What is ETL?
ELT stands for Extraction Transformation and Loading of data from source to target. Is the process used to extract data from different data sources like databases, and data files, etc, and transforming the data using cleansing, profiling and business set of rules which then translate into a defined series of steps necessary to ensure that the data being loaded to the target system is compliant, valid and accurate to the specifics of each application.
What ETL tools do?
ETL tools execute one of the most challenging aspects in a data warehouse; the Extraction Transformation and Loading process. Their main tasks are:
- The discovery and connection with required information sources
- Extract the selected information, efficiently as specified.
- Transform the information from heterogeneous sources to a common architecture.
- Profile and clean the data according to target system constrains and business rules
- Load (insert or update) the transformed data into a homogeneous data source.
What happens in ETL Transformations?
The transformation procedures can be as simple as converting data types, formatting values, changing column names, eliminating bad data, correcting misspelling errors, filling missing data and so on, or they can be very elaborate based on complex rules for time dependencies, reporting errors, and data mapping and data flow paths between the source and targets can change depending on time and data values, load of data based on previous loads an the interdependencies of the data etc.
The ETL process plays an important factor in the development work of a data warehouse, mainly because a large amount of time is dedicated to the design and implementation of ETL processes. In this days of information age, the large amounts of data that is generated in any business is grown faster and faster, with faster computer and faster networks, the ability to produce and record incredible amounts of transactions, or information from the many different departments in an enterprise is so overwhelming that no single person in the organization knows where are all the operational data sources for each department is; just simply putting that generating reports and comparing numbers with other departments might yield discrepancies for the same data. There fore every business needs one an only one centralize place to go for historical information of the enterprise. This type of information structure allows for smarter business intelligence (BI) which should be heart of any business because it will enable them to understand, business trends, improve decisions, support and justify daily operations
Thanks to the ETL process this centralized source of information is kept updated and synchronized with data from all the different sources across the business required for effective business intelligence.
Where is ETL used?
ETL tools can be used for data integration to integrate existing data with other differently designed and structured kinds of data, making the migration process of data less painful and this type of tools are more commonly used to extract information from mainframes and them feed (load and update) the data to an integrated data warehouse, which is typically a very large database that contains all the important historical information of an enterprise business, and it is used to facilitate better intelligent decision making trough the use of query reporting and analysis, enabling the data warehouse users to work off a single set of data and therefore obtaining a single version of the truth.

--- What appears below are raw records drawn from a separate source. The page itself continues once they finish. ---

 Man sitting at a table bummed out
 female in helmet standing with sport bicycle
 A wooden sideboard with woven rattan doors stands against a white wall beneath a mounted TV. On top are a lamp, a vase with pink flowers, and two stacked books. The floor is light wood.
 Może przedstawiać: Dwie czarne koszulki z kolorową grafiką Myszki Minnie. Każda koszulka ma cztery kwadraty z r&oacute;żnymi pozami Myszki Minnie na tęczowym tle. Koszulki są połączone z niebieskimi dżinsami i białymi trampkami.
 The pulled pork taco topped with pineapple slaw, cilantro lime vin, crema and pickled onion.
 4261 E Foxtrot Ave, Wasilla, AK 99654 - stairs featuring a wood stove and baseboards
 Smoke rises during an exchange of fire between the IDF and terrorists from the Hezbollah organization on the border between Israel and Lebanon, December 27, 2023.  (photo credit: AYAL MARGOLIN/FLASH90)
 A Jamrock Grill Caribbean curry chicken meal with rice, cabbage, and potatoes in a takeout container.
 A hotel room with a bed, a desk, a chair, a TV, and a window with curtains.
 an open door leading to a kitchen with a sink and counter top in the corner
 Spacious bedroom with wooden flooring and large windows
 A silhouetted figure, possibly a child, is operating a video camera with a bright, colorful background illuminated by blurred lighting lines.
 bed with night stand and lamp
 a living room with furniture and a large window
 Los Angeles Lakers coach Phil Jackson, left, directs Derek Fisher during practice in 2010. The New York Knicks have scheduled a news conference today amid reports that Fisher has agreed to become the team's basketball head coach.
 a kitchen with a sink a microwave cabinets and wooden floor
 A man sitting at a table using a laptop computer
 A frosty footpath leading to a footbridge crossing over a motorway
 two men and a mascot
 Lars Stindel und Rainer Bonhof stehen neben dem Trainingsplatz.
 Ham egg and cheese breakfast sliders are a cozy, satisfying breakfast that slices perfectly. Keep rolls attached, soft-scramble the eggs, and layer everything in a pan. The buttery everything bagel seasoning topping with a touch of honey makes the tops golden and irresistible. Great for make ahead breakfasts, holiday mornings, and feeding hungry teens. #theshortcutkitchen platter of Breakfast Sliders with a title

What types of ETL tools technologies exist?
There are 3 mayor types of ETL tools:
- The traditional ETL engine based product, which generates code within its engine to accomplish the task.
- ETL solutions included with the RDBMS
- ETL tools based on SQL generation to take advantage of the specific RDBMS optimizations
ETL tool buy or built?
If it is the first time you ever get involved in the project of developing a data warehouse, sooner or later you will have to decide whether to purchase an off-the-shelf ETL software or build your own ETL solution, and of course the best answer to this question is the typical contractor answer: it depends on your situation. Whether or not you have enough resources, time and knowledge to build your own or you prefer to deal with the operating cost of evaluating, choosing, purchasing, installing and learning the ins and outs of an ETL package. Definitely both approaches have to be carefully and meticulously analyzed using advantages and disadvantages for each option to see which solution is the best to quickly and efficiently meet the needs of your business.
Buying an ETL tool:
- The amount of ETL development time will be drastically reduced
- Tool will come with wide range of rich built-in features
- The tool can be reused for future phases of the project, or future projects.
- The ETL rules will be more readable for easy of debugging
- Simplicity of ETL process maintenance
- Increase time spend for evaluation, selection and learning of the product
- The higher cost of purchasing, training and licensing fees might be out of budget
- Because is not custom build, might not fit 100% to your needs.
Building custom ETL processes:
- Lower financial costs of developing the home grown ETL vs. buying
- There is no training costs involved
- Is 100% specifically designed to match your needs
- More flexibility for complex data sources or transformation mappings
- Time need for the development process life cycle
- Not having all the rich functionality of an ETL software package
- All the overhead involved in maintaining custom code
- Difficulty or reusability for different projects
The bottom line when it comes to ETL is that not matter how much progress and how good the ETL package has improved, it still have a higher cost of acquisition while building a custom solutions is expensive to own and maintain. Each approach has its own particularities across industries and they vary a lot depending on your requirements, sometimes is easy to spot the solution you must have and sometimes is not; just remember all time when evaluating possibilities that the general tendency is to integrate data quickly, practically, and cost effectively.
The final word on ETL
In general ETL solutions truly depend on the circumstances of your scenarios, and the best way to decide is to conduct a deep evaluation of both methods for your needs.
In my experience if you have the budged and want to reduce the number of headaches, buying the tool could be the way to go because of the speed of deployment and the reusability in other projects.